Rumusan kompetensi pedagogik dalam PP No. 19 tahun 2005, Tentang Standar Nasional Pendidikan, pasal 28 ayat 3 bahwa kompetensi ialah kemampuan mengelola pembelajaran peserta didik yang meliputi; (1) pemahaman terhadap peserta didik, (2) perancangan dan pelaksanaan pembelajaran, (3) evaluasi hasil belajar, (4) pengembangan peserta didik untuk mengaktualisasikan berbagai potensi yang dimilikinya.

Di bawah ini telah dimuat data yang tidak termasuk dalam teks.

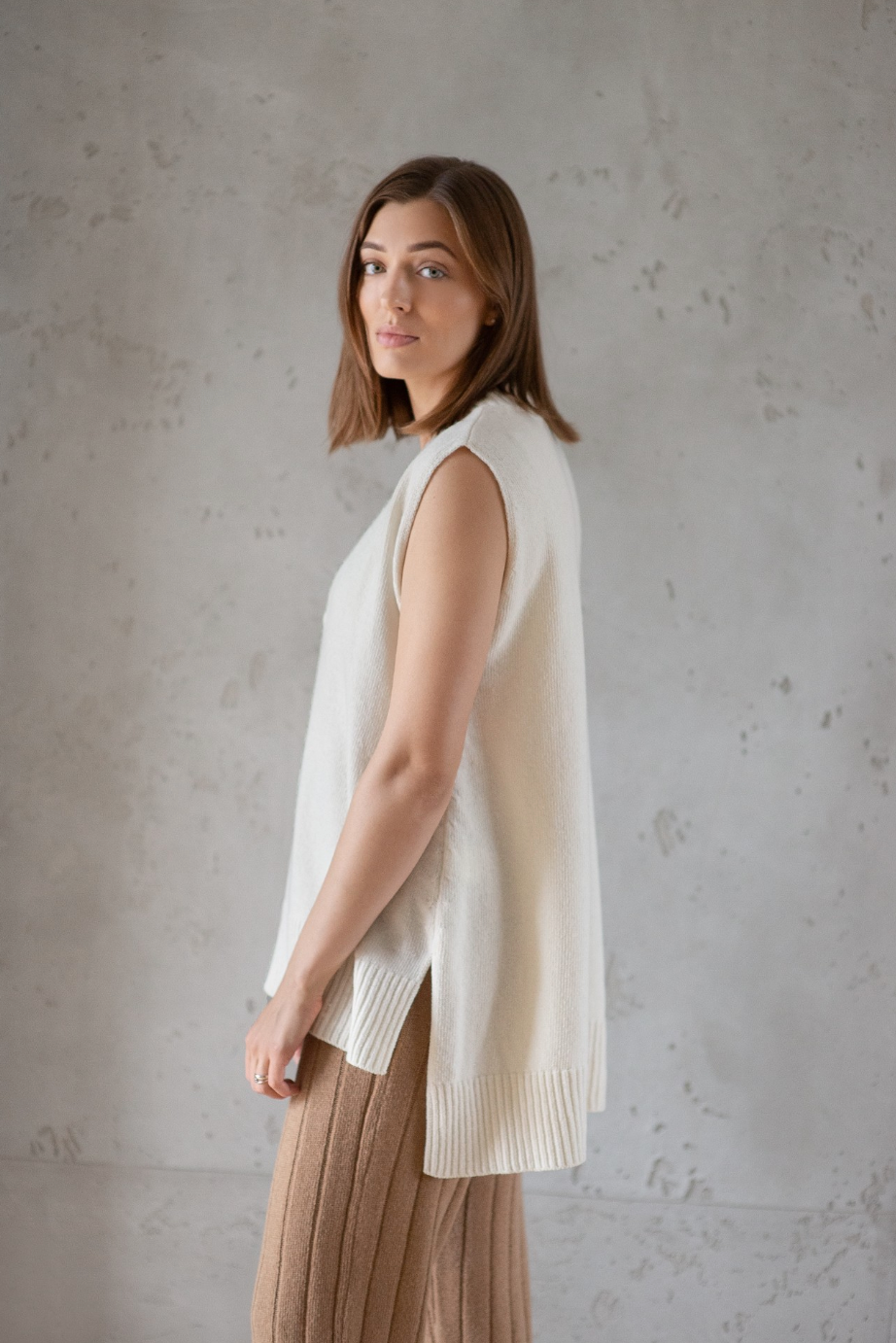 Classic Oversized Wool Vest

Yang dimaksudkan dengan kompetensi pedagogik ialah kemampuan dalam pengolahan pembelajaran peserta didik yang meliputi; a) pemahaman wawasan atau landaskan kependidikan, b) pemahaman terhadap peserta didik, c) pengembangan kurikulum/silabus, d) perancangan pembelajaran, e) pemanfaatan teknologi pembelajaran, f) evaluasi proses dan hasil belajar, g) pengembangan peserta didik untuk mengaktualisasikan berbagai potensi yang dimilikinya.
Kompetensi pedagogik guru maka guru harus mempunyai kemampuan-kemampuan sebagai berikut:1) Mengaktualisasikan landasan mengajar, 2) Menguasai ilmu mengajar (didaktik metodik), 3) Mengenal siswa, 4) Menguasai teori motivasi, 5) Mengenali lingkungan masyarakat, 6) Menguasai penyusunan kurikulum, 7) Menguasai teknik penyusunan RPP, 8) Menguasai pengetahuan evaluasi pembelajaran, dll.
Profesional
PP No. 19 tahun 2005 pasal 28 ayat 3:Kompetensi Profesional adalah kemampuan penguasaan materi pembelajaran secara luas dan mendalam yang memungkinkannya membimbing peserta didik memenuhi standar kompetensi yang ditetapkan dalam SNP.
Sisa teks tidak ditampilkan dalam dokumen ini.